Retro Tex-Mex: Pork Rice Tamale Pie

This wartime recipe is described as a "good meat stretcher."


Pork Rice Tamale Pie
recipe from 1944 Gebhardt's Eagle advertising

1 cup uncooked rice
1/2 cup sliced green olives
1/3 tsp. pepper
2 tbsp. chili powder
4 ripe olives, sliced
1 cup tomato puree
1/2 tsp. salt
1 cup meat broth
2 cups finely chopped cooked pork
Biscuit dough

Wash rice; drain. Add gradually to rapidly boiling salted water. Boil until tender; drain. Combine rice, tomato puree, green olives, seasonings, cooked pork, meat broth. Pour into greased casserole. Bake in moderate oven (350˚ F) for 30 minutes. Cut small biscuits from biscuit dough; place atop pork-rice casserole dish. Bake at 400˚ F until biscuits are done. If broth is not available, substitute 1 beef bouillon cube dissolved in 1 cup of boiling water.

Via Classic Film

1941 Chocolate Bread Custard

Want to enjoy your chocolate guilt-free? Here you go. 

Chocolate is a salad


Now that we've got that out of the way, look at this fabulous recipe from during World War II.

Chocolate bread custard

Chocolate Bread Custard
recipe from 1941 White House milk ad

1/2 cup cocoa
1 cup sugar
1/4 tsp.salt
1/2 cup water
2 tbsp. butter
1 cup evaporated milk
1 cup water
1 cup bread crumbs
2 eggs, lightly beaten
1 tsp. vanilla

Blend cocoa, sugar and salt; add water, stir until blended and bring to a boil. Add butter, evaporated milk, water and bread crumbs; heat. Pour over eggs and vanilla. Bake in buttered casserole, set in pan of hot water, in moderate oven, 375˚ F, for 45 minutes or until set. 4 servings.


Ad: Classic Film

Image: I Have Seen The Whole Of The Internet

Retro Western Eats: Chuck Wagon Beans

This is the kind of recipe even people who can't cook can pull off with no problem.

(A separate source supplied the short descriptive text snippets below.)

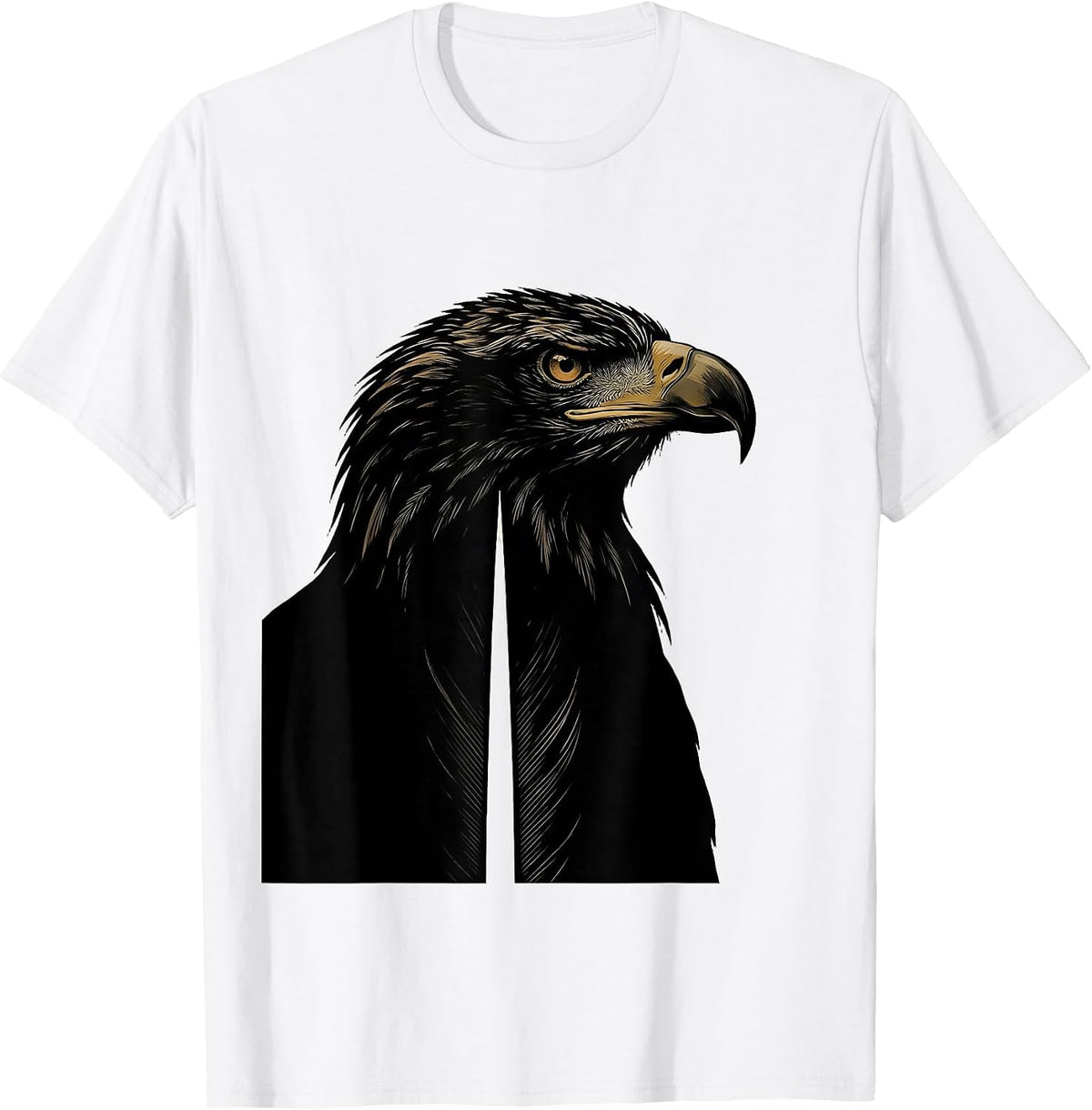 Men's Bald Eagle Minimalist Faith Mascot Pride T-Shirt - White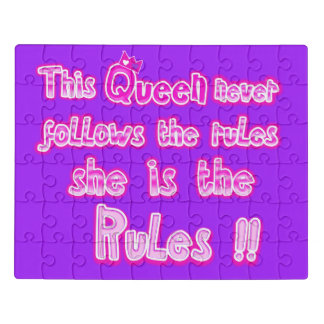 This queen never follows the rules purple jigsaw puzzle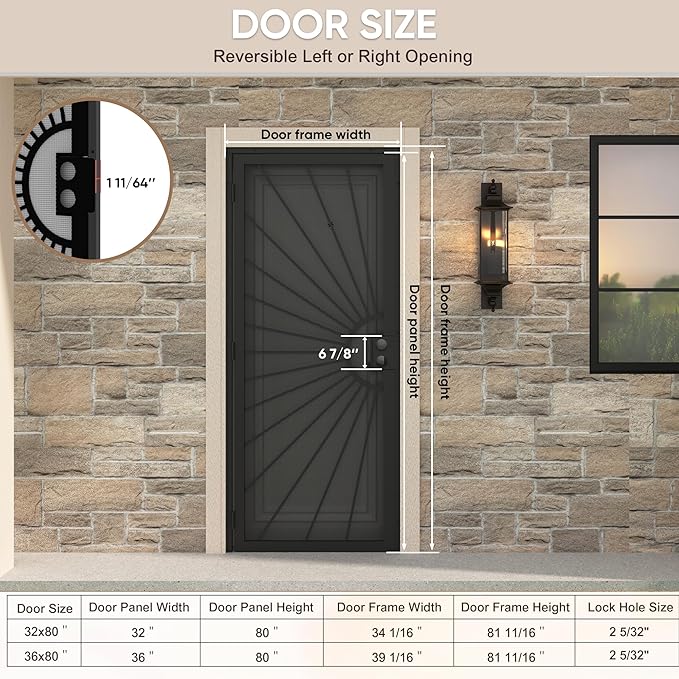 JUBEST 32 in. x 80 in. Security Door, Exterior Front Entry Door, Outswing Steel Security Door with Perforated Metal Screen, Powder Coated Black, Lock Not Include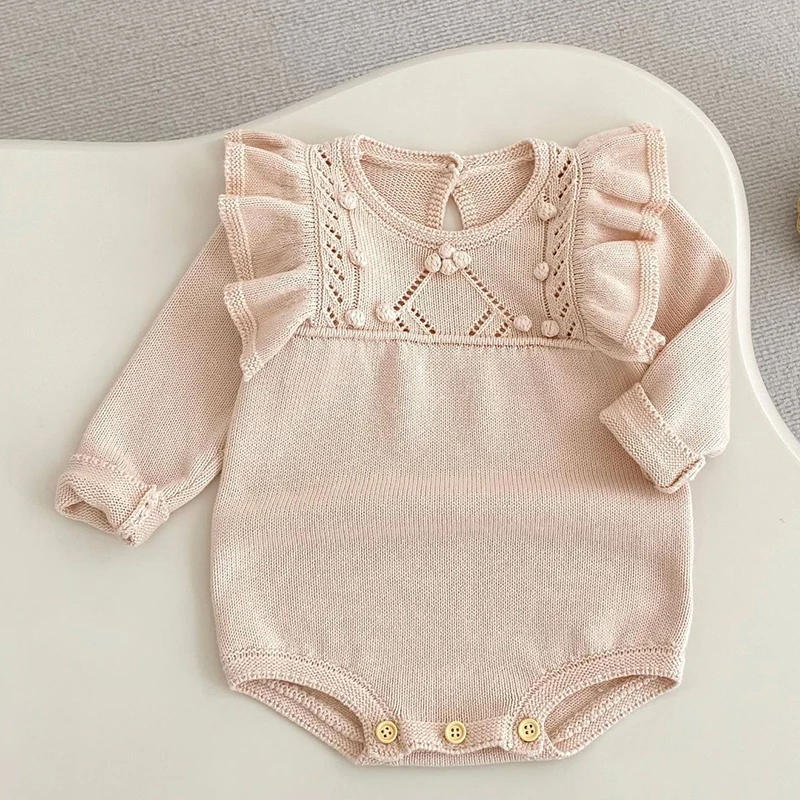 

2025 New Autumn 0-24M Newborn Baby Girls Knitted Bodysuits Long Sleeved Solid Color Infant Baby Girls Knitted Jumpsuit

Retro chuck wagon beans recipe

Chuck Wagon Beans

2 tbsp. bacon drippings or shortening
1/2 cup chopped onion
1/2 clove garlic (optional)
2 cans Hunts tomato sauce
1 lb. ground beef
2 cups cooked or canned white or kidney beans (1lb. 4-oz. can)
1/4 cup water
3/4 tsp. salt
2 tsp. chili powder

Melt shortening. Add onion, garlic and meat. Cook until meat is lightly browned. Add Hunt's tomato sauce, beans, water and seasonings. Cover and simmer over low heat, stirring occasionally, about 35 minutes or until mixture is thickened. Makes 4 servings.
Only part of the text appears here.